His first photograph album “A Jewish Street in Vilna” which was published initially in 1931, has now been republished in a new edition, courtesy of the family, and his photographs are exhibited in Bet Vilna in Tel Aviv and in synagogues in Vilna.
In this album, Raviv made his name by combining techniques of montage and photomontage with a mix of light and shadow and by taking the pictures at a low angle. These unique photographs portray the lives of the Jews in Vilna between the two world wars and offer a selection that includes, among others, Jewish architecture, Jewish trade, Jewish imagery in the synagogue hall, the “Klois”, the room where the Vilna Gaon studied Torah. Some of the photographs in this album are first editions and are considered inalienable assets characterizing Jewish life in Vilna between the two wars, and are published in different locations.
At the opening of the exhibition, the curator, Dr. Nissan Perez, who also curated the photography department at the Israel Museum, said that the photographic dream of Moi-Ver was to produce radical pictures by combining a modern painting with contemporary and unconventional use of the camera. This offers a perfect example of the modernist movement of the early 20th century reflecting the social, cultural and artistic changes that were taking place at the time.

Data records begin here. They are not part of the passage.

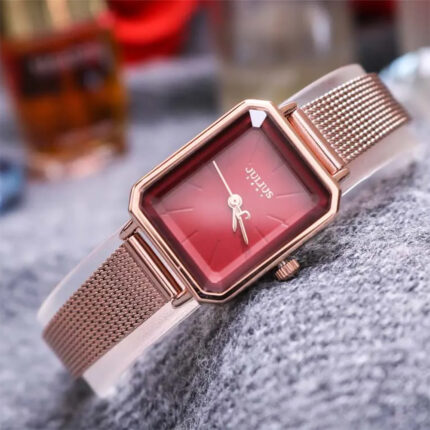 Đồng hồ nữ Julius JA-1223 dây thép mặt chữ nhật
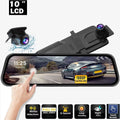 10" Touch Screen Mirror Dash Camera; 1080P Dual Dash Cam Kit Front and Rear View; Backup Camera for Cars; Super Night Vision; Motion Detection;Reversing Assistance; Loop Recording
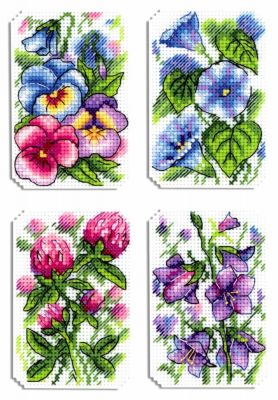 Music of Flowers  Magnets  Cross stitch kit on plastic canvas. MP Studio P-491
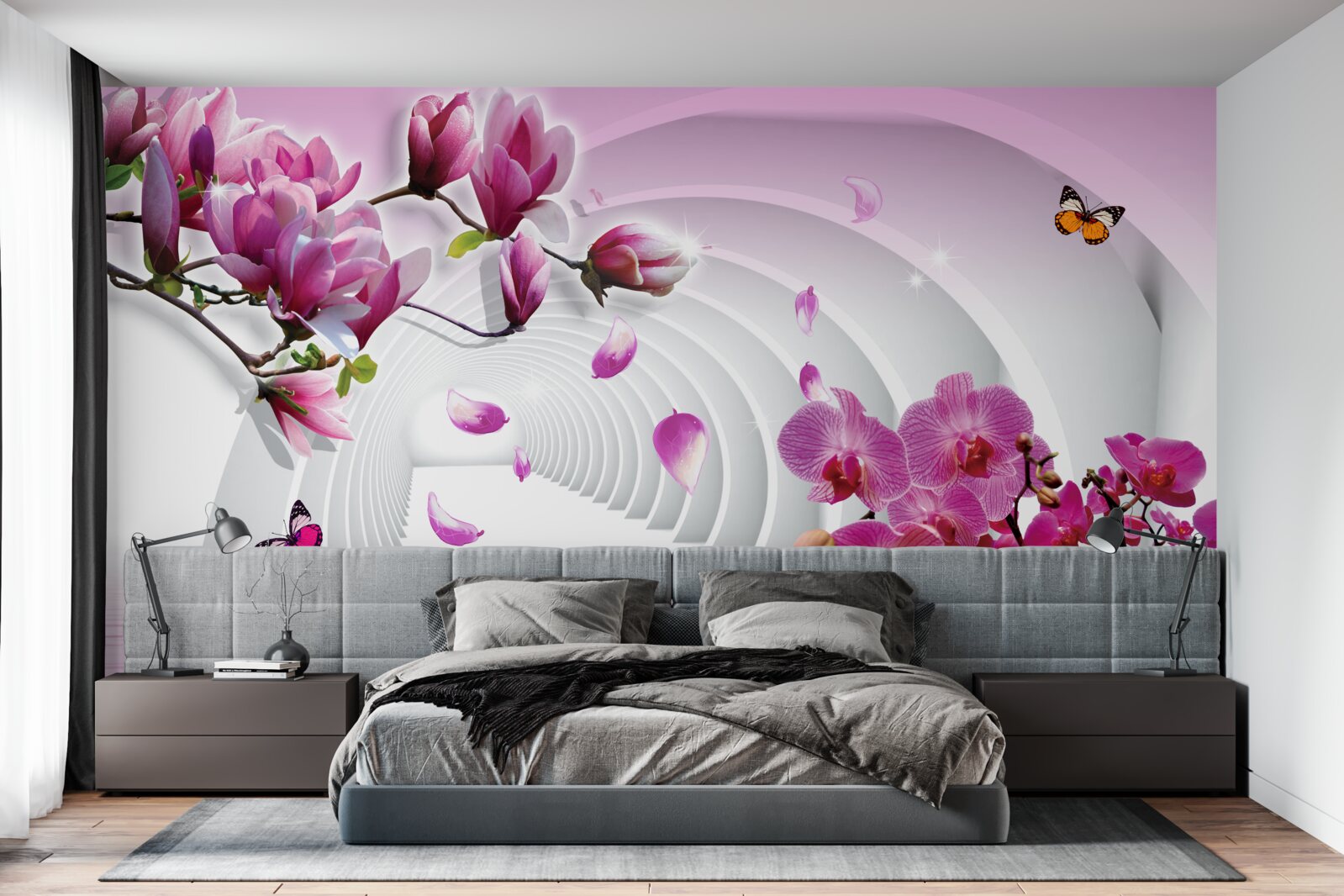 Fototapeten Lila -Orchideen an Zweigen und fliegenden Schmetterlingen
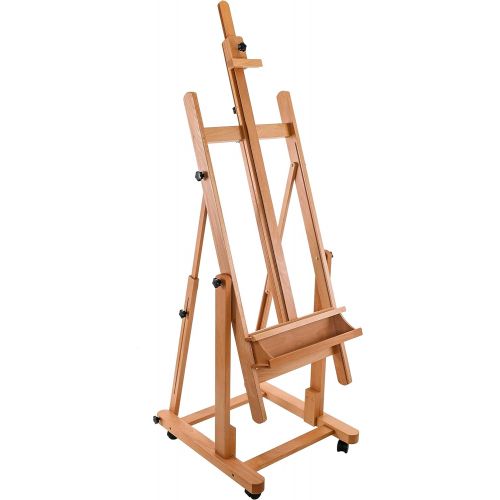  U.S. Art Supply Malibu Heavy Duty Extra Large Adjustable H-Frame Studio Easel with Artist Storage Tray - Tilts Flat, Sturdy Wooden Beech Wood Painting Canvas Holder Stand - Locking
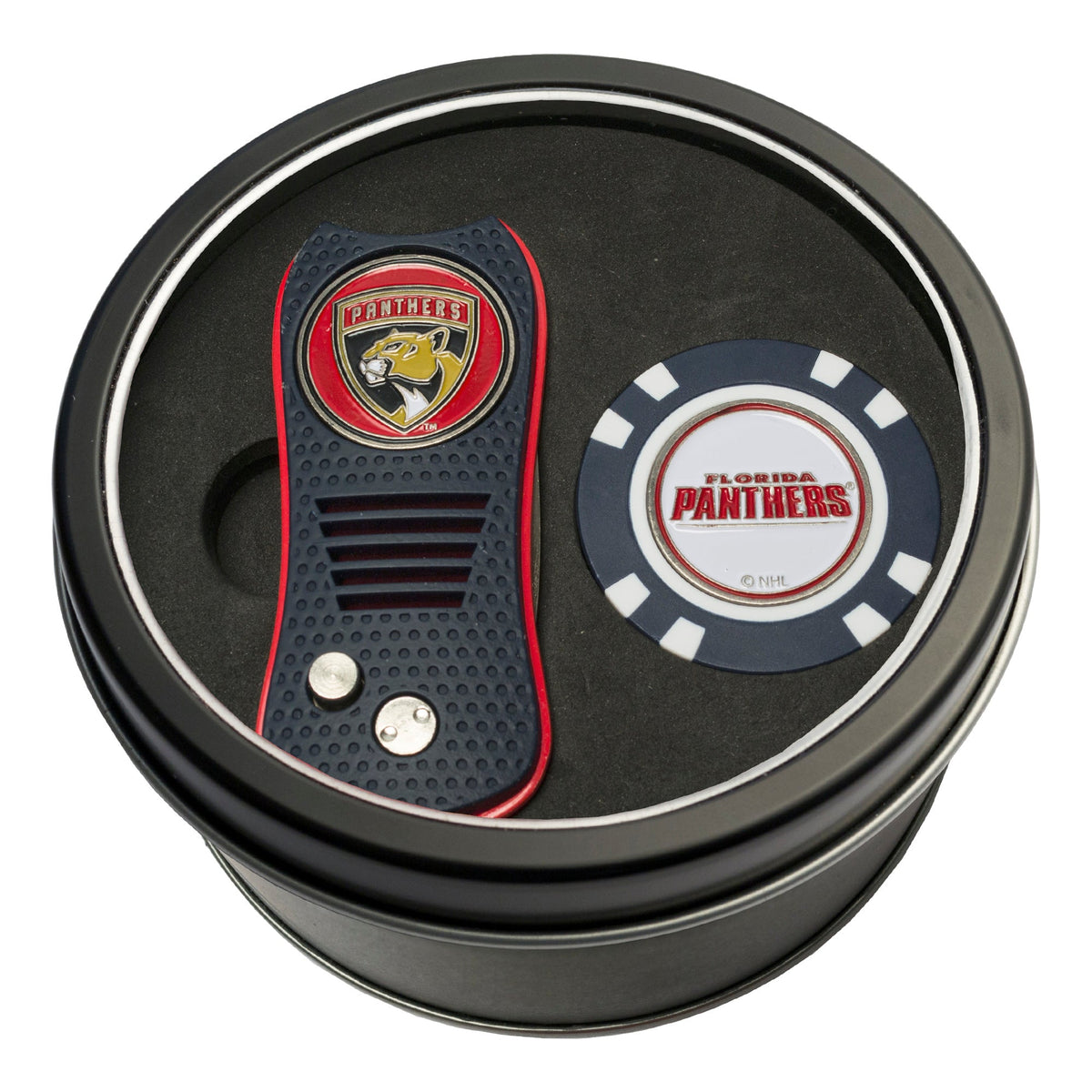 Team Golf Florida Panthers Golf Gift Sets - Tin - Divot Tool & Poker Chip -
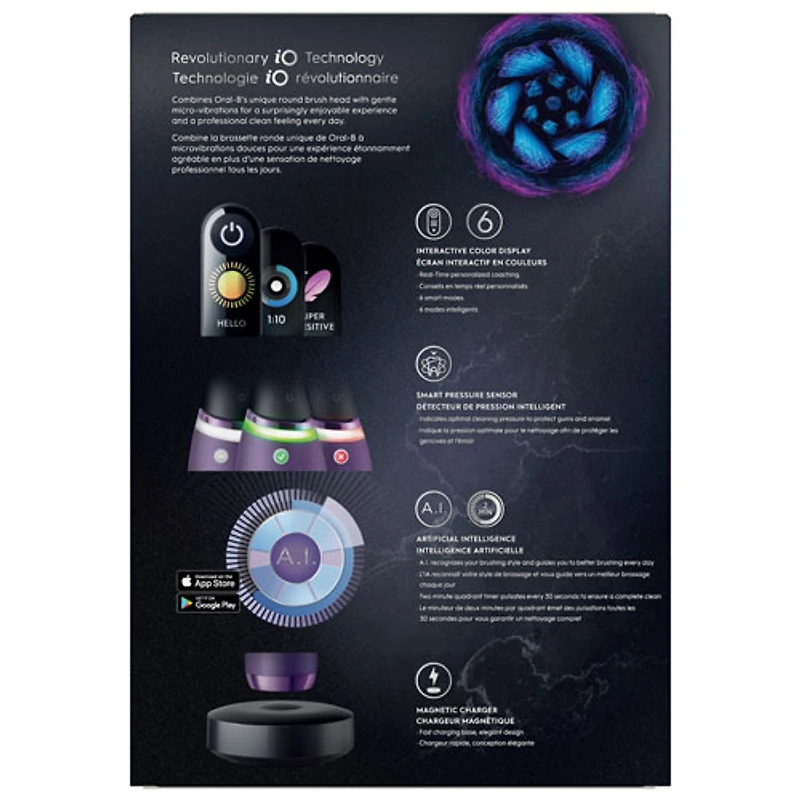 Brosse à dents électrique intelligente iO de série 8 d'Oral-B (iO M8.3B2.2B) - Violet amétrine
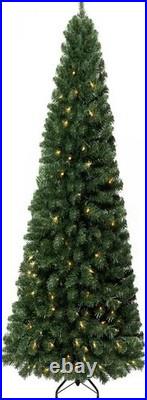 9ft Slim Christmas Tree With Lights Realistic Skinny Pencil Christmas Tree Prelit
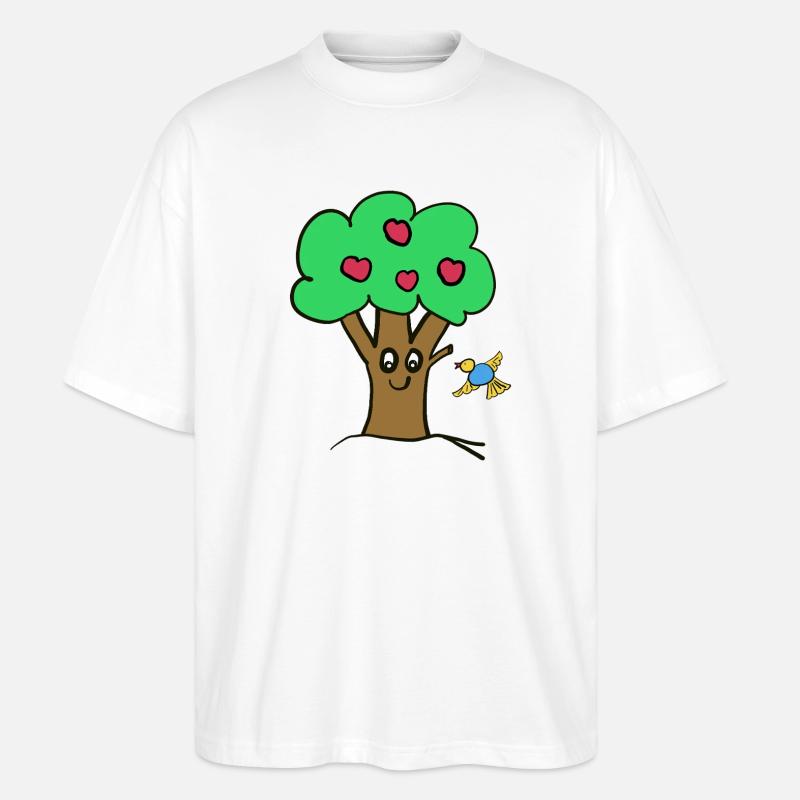 Apple Tree Tree Nature Bird - Stanley/Stella Oversized Unisex Organic T-shirt Blaster 2.0 - white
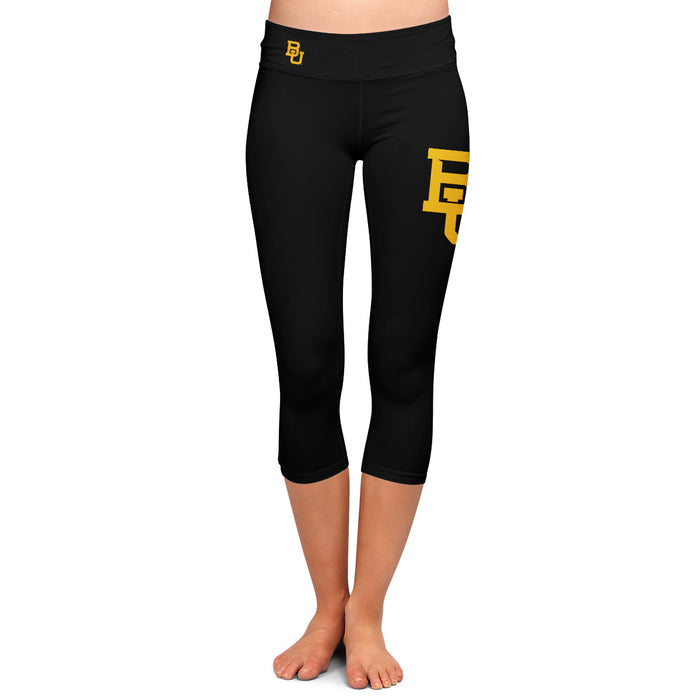 Baylor Bears Vive La Fete Game Day Collegiate Large Logo on Thigh and Waist Girls Black Capri Leggings
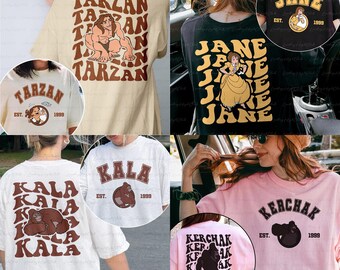 Legend Of Tarzan Characters 2 Sided Shirt, Tarzan Jane Clayton Porter Kala, Tarzan Group Animal Kingdom Shirt, Disneyland Family Trip Shirt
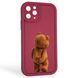 Чехол силиконовый оригинальный Soft Touch с 3D принтом смешного теда мишки для Apple iPhone 11 Pro бордовый (Полная защита камеры) 0048384 фото 1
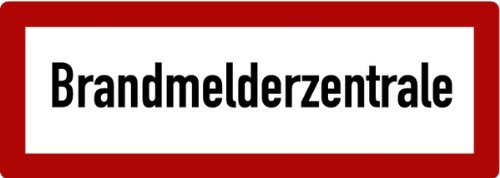 LEMAX® Aufkleber Feuerwehrschild, Brandmelderzentrale - DIN 4066 Folie selbstklebend weiß/schwarz/Randfarbe: rot 297x105mm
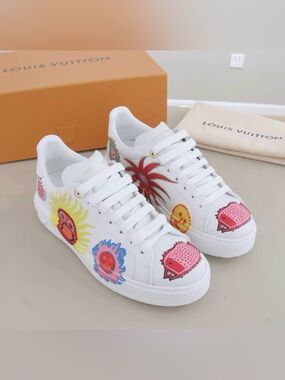 Louis Vuitton White Leather Low-Top Sneakers with Colorful Sun Motifs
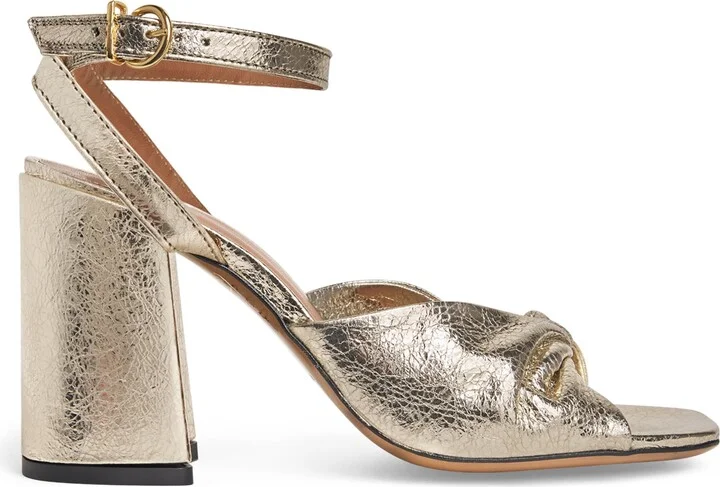 Maje Metallic Leather Twisted Sandals 85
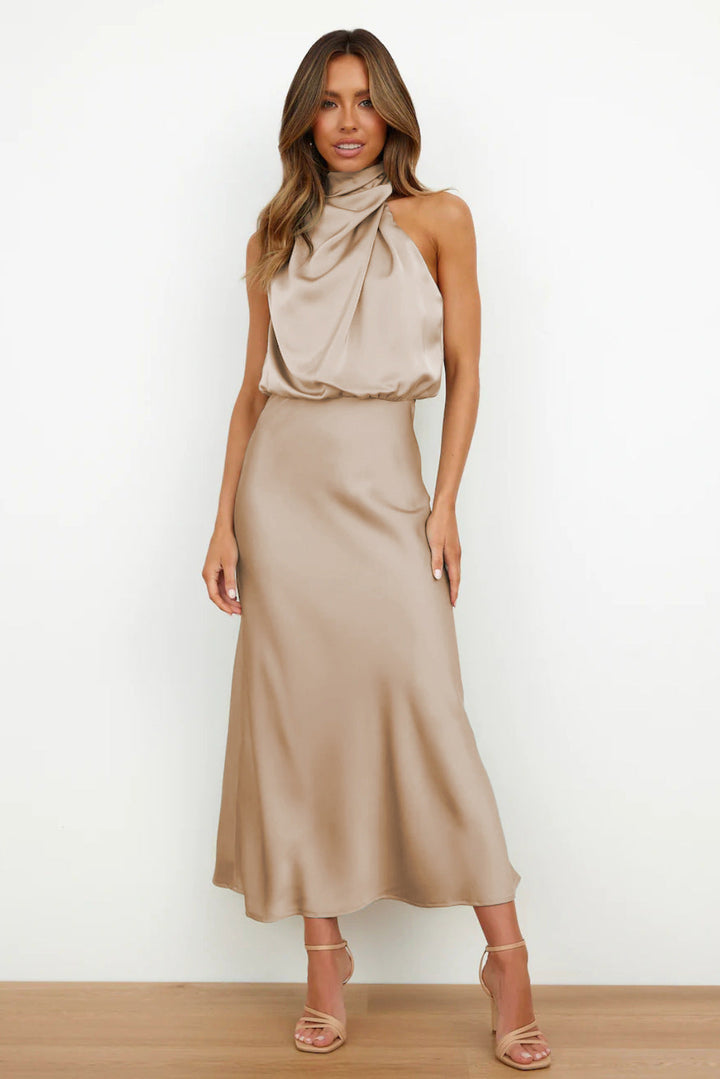 The Rebecca | Satin Maxi Dress with Halter Neck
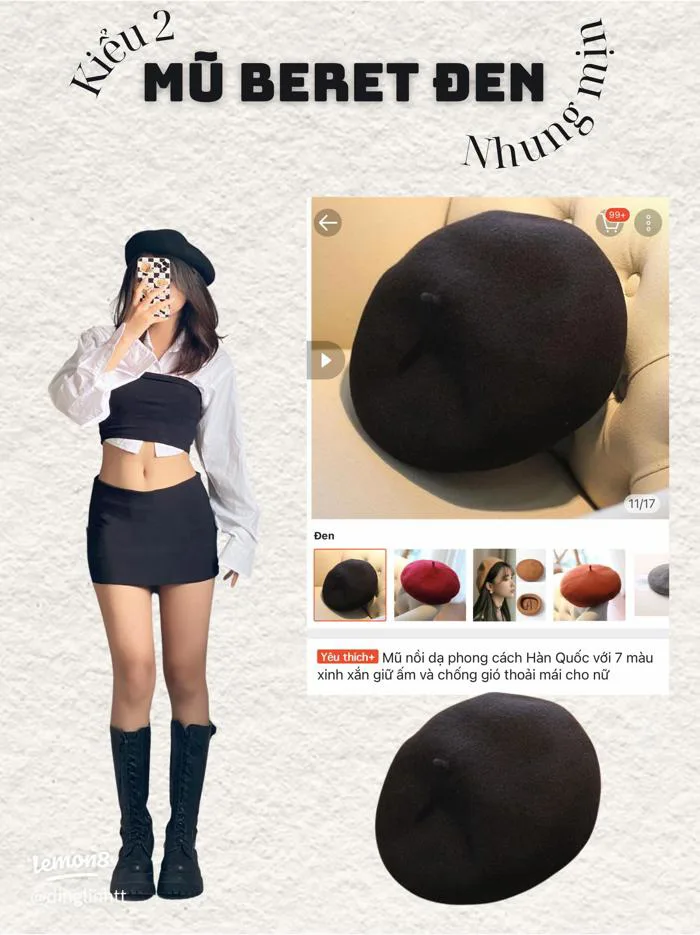 4 kiểu mũ beret nữ siêu xinh và cách phối đồ chuẩn Hàn cho nàng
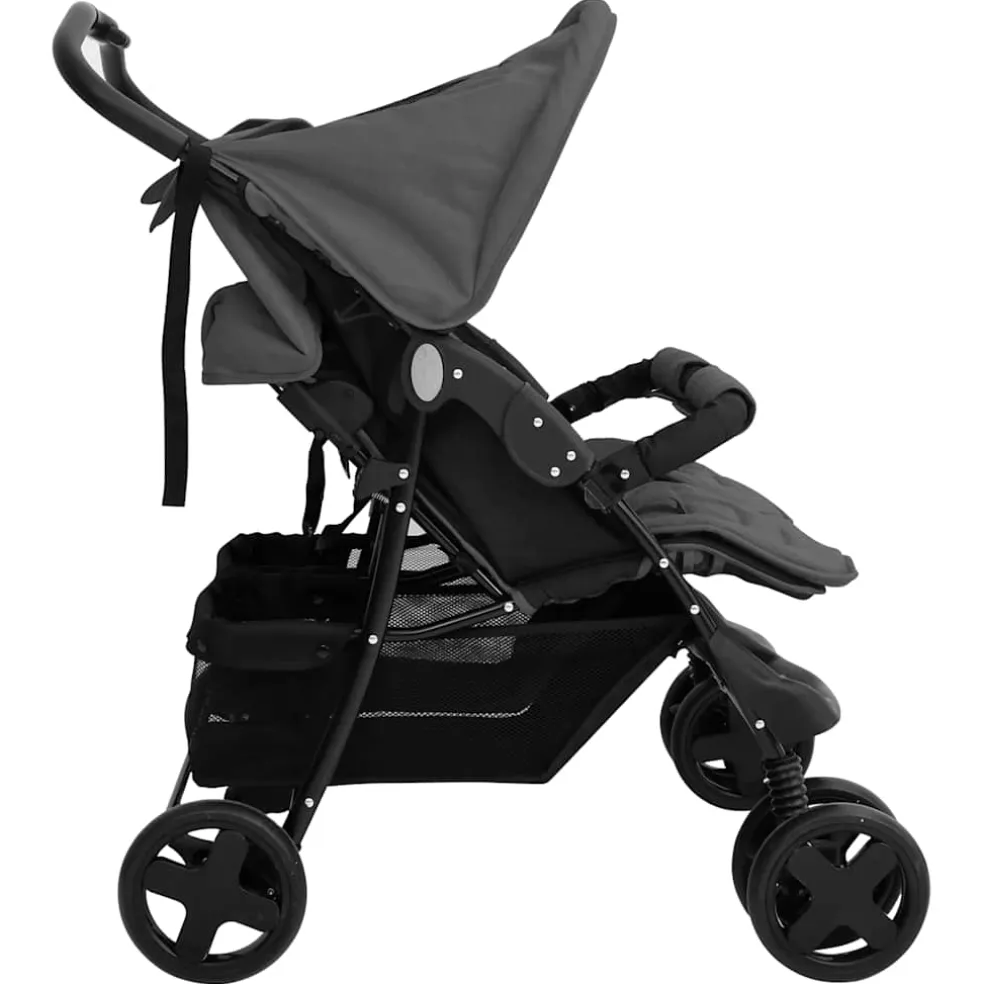 vidaXL Tweelingkinderwagen staal donkergrijs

The exhibition was organized and funded by the Lithuanian Institute for Literature and Folklore together with the Lithuanian Ministry of Culture, the Lithuanian Embassy in Israel and the Israeli Embassy in Lithuania, and the event was sponsored by the Lithuanian TV news corporation. Apart from Yossi (the son) and Joyce Raviv, honored guests at the impressive opening event included Mindaugas Kvietkauskas - Lithuanian Minister of Culture, Arūnas Gelūnas - Director of the Museum of the Arts, Yossi Levy - Israeli Ambassador in Lithuania, Sigutė Chlebinskaitė the Graphic Designer, as well as representatives of the Association of Jews from Vilna and Vicinity in Israel.